After reviewing previous research on sleep-deprived mice, many of them Drs. Directed by Veasey, the researchers found that when animals are kept awake and alert for only a few hours more than usual, two major parts of the brain are most affected: the locus coeruleus, which control of the effects of alertness and stimulation, as well as the hippocampus, which plays an important role in memory and learning. These areas, which, in humans, are important to support well-known experience, reduce animal production of antioxidants, which protect neurons from the unstable microbes produced always, like air dust, by active cells. When antioxidant levels are low, these molecules can build up and attack the brain from within, depleting protein, fat and DNA.

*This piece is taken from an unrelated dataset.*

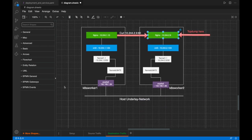That wraps up everything for today. I hope this gives you a concrete understanding of how Flannel works with Kubernetes networking. You can set up your own environment and try it yourself. Thank you.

“Learning to sleep on the brain, even under normal circumstances, leads to punishment,” Drs. Fernandez said. “But when you stay awake for a long time, then the system becomes overloaded. Sometimes you can’t beat a dead horse. If you ask your cells to keep working for a percentage 30 more every day, cells die. “
In the brains of rats, sleep deprivation leads to cell death after a few days of sleep deprivation – a lower chance for brain damage than previously thought. It also causes inflammation in the prefrontal cortex at a high level of tau and amyloid protein, associated with neurodegenerative diseases such as Alzheimer’s and Parkinson’s, and the coeruleus and hippocampus regions.
After a full year of regular sleep, mice who previously did not sleep are still suffering from nerve damage and inflammation of the brain. Nye Dr. Veasey and Mr. Zamore, suggested that the effects are long-lasting and perhaps lasting.
Nevertheless, many scientists say that the new findings should not be a cause for alarm. Jerome Siegel, a sleep scientist at the University of California, Los Angeles, says: “It’s possible that sleep damages mice and rats, but that doesn’t mean you have to worry about insomnia. engage in research.
Dr. Siegel reports that nerve damage is progressing at an alarming rate, and that the effects of sleep on the human brain are not yet known. He also expressed unnecessary anxiety and worry about the long-term effects of sleep deprivation that can cause people to try to fall asleep more, unnecessarily with medication.